ST444 Half Unit
Computational Data Science
This information is for the 2020/21 session.
Teacher responsible
Dr Yining Chen COL 5.08
Availability
This course is available on the MSc in Data Science, MSc in Statistics, MSc in Statistics (Financial Statistics), MSc in Statistics (Financial Statistics) (ÐÓ°ÉÂÛ̳ and Fudan), MSc in Statistics (Financial Statistics) (Research), MSc in Statistics (Research), MSc in Statistics (Social Statistics) and MSc in Statistics (Social Statistics) (Research). This course is available with permission as an outside option to students on other programmes where regulations permit.
Pre-requisites
Basic knowledge in calculus and linear algebra, as well as a first course in probability and statistics.
Course content
An introduction to the use of popular algorithms in statistics and data science, including (but not limit to) numerical linear algebra, optimisation, graph data and massive data processing, as well as their applications. Examples include least squares, maximum likelihood, principle component analysis, LASSO and graphical LASSO, PageRank, etc. Throughout the course, students will gain practical experience of implementing these computational methods in a programming language. Learning support will be provided for at least one programming language, such as R, Python or C++, but the choice of language supported may vary between years, depending on judged benefits to students, whether in terms of pedagogy or resulting skills. This year, the default choice is Python.
Teaching
This course will be delivered through a combination of classes/computer workshops and lectures totalling a minimum of 30 hours across Michaelmas Term. This year, some or all of this teaching may be delivered through a combination of virtual classes and flipped-lectures delivered as short online videos. This course includes a reading week in Week 6 of Michaelmas Term.
Lectures will cover:
(1) Introduction: overview of the topics to be discussed, how numbers are presented in memory, floating point arithmetic, stability of numerical algorithms
(2) Basic algorithms: overview of different types of algorithms, Big-O notation, elementary complexity analysis, and their applications in data science
(3) Tools in optimisation: bi-section, steepest descent, Newton’s method, Quasi-Newton methods, stochastic search, stochastic gradient; convex optimization (coordinate descent, ADMM, etc).

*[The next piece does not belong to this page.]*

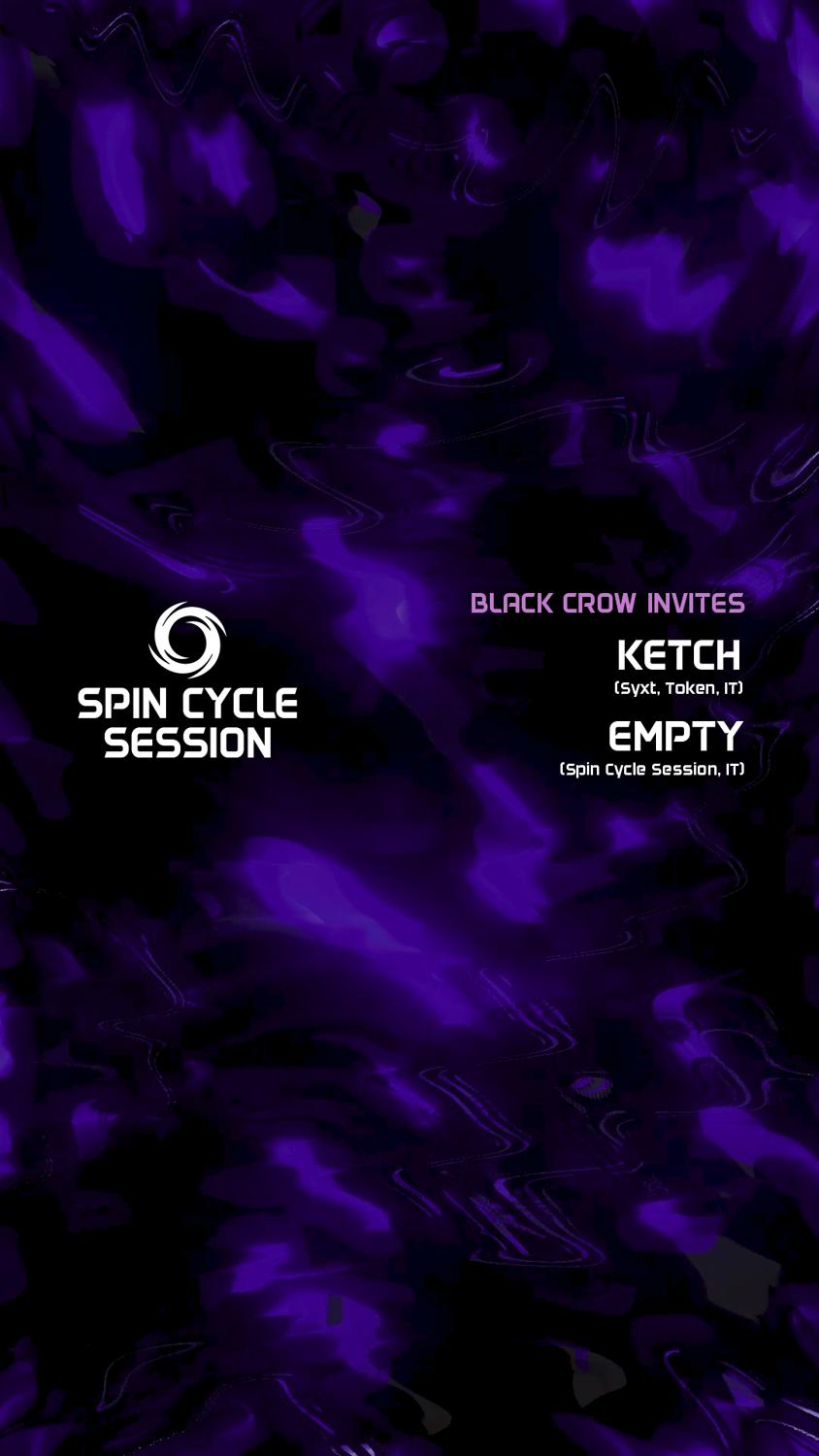 Spin Cycle Session 5 / Black Crow Invites Ketch ( Token ,Syxt)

(4) Tools in numerical linear algebra: Gaussian elimination, Cholesky decomposition, LU decomposition, matrix inversion and condition, computing eigenvalues and eigenvectors, and their applications
(5) Other topics: graph data processing and massive data processing
Formative coursework
Students will be expected to produce 4 problem sets in the MT.
Bi-weekly exercises, involving computer programming and some theory.
Indicative reading
Computational Statistics by Givens and Hoeting
Statistical computing in C++ and R by Eubank and Kupresanin
Foundations of Data Science by Blum, Hopcoft and Kannan
Introduction to Algorithms by Cormen, Leiserson, Rivest and Stein
The Art of R Programming: A Tour of Statistical Software Design by Matloff
Think Python: How to Think Like a Computer Scientist by Downey
Assessment
Exam (70%, duration: 2 hours) in the summer exam period.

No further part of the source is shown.